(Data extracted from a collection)
########

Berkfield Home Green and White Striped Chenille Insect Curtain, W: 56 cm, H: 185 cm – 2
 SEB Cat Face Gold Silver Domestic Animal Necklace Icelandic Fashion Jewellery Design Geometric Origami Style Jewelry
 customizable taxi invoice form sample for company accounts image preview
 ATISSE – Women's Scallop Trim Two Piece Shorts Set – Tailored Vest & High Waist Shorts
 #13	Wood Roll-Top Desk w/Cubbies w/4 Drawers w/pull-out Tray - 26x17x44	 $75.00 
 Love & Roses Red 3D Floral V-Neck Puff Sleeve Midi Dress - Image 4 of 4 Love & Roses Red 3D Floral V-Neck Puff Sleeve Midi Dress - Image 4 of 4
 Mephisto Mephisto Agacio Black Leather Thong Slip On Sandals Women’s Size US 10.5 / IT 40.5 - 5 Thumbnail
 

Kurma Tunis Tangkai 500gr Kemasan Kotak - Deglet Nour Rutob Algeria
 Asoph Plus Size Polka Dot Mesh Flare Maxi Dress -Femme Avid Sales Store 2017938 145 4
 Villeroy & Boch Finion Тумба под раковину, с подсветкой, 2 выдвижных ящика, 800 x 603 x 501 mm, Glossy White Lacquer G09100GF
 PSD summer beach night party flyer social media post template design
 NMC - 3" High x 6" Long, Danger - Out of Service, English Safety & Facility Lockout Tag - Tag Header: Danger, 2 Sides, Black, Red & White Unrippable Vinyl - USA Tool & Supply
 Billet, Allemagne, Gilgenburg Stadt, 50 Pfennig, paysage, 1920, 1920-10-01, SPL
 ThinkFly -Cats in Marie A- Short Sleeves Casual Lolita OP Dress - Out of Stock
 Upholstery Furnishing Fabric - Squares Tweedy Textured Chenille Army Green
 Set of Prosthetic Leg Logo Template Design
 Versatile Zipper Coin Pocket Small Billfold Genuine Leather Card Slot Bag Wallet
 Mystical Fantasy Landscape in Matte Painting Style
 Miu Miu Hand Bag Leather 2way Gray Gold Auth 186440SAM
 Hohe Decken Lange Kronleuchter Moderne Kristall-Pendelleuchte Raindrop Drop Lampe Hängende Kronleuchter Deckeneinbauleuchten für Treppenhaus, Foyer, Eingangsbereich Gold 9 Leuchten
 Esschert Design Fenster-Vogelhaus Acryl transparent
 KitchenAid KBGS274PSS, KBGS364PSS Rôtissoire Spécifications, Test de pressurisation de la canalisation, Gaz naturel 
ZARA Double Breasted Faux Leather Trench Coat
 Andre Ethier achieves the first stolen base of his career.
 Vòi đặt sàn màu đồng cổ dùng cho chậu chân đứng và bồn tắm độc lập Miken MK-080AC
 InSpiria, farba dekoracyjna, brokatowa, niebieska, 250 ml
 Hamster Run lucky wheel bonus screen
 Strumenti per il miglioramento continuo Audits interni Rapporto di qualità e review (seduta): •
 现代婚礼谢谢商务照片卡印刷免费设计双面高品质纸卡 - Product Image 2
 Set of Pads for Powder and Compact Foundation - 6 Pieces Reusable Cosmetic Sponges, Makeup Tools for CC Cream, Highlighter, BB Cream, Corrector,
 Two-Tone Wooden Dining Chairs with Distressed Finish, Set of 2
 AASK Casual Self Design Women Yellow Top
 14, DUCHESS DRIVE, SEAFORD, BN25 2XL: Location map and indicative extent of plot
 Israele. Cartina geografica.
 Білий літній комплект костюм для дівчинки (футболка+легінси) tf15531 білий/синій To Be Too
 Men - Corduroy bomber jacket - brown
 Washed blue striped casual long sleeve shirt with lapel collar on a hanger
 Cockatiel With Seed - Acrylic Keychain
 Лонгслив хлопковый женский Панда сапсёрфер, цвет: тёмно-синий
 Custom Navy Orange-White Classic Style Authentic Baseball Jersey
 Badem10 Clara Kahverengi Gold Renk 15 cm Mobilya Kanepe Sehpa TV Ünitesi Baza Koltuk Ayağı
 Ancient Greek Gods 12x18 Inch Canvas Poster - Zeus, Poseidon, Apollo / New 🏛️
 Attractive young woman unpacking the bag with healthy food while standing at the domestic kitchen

########

The task: Each line from the top of the records down to the one with "PSD summer beach" must be retyped exactly; include both ends and nothing else.

Expected answer:
Berkfield Home Green and White Striped Chenille Insect Curtain, W: 56 cm, H: 185 cm – 2
 SEB Cat Face Gold Silver Domestic Animal Necklace Icelandic Fashion Jewellery Design Geometric Origami Style Jewelry
 customizable taxi invoice form sample for company accounts image preview
 ATISSE – Women's Scallop Trim Two Piece Shorts Set – Tailored Vest & High Waist Shorts
 #13	Wood Roll-Top Desk w/Cubbies w/4 Drawers w/pull-out Tray - 26x17x44	 $75.00 
 Love & Roses Red 3D Floral V-Neck Puff Sleeve Midi Dress - Image 4 of 4 Love & Roses Red 3D Floral V-Neck Puff Sleeve Midi Dress - Image 4 of 4
 Mephisto Mephisto Agacio Black Leather Thong Slip On Sandals Women’s Size US 10.5 / IT 40.5 - 5 Thumbnail
 

Kurma Tunis Tangkai 500gr Kemasan Kotak - Deglet Nour Rutob Algeria
 Asoph Plus Size Polka Dot Mesh Flare Maxi Dress -Femme Avid Sales Store 2017938 145 4
 Villeroy & Boch Finion Тумба под раковину, с подсветкой, 2 выдвижных ящика, 800 x 603 x 501 mm, Glossy White Lacquer G09100GF
 PSD summer beach night party flyer social media post template design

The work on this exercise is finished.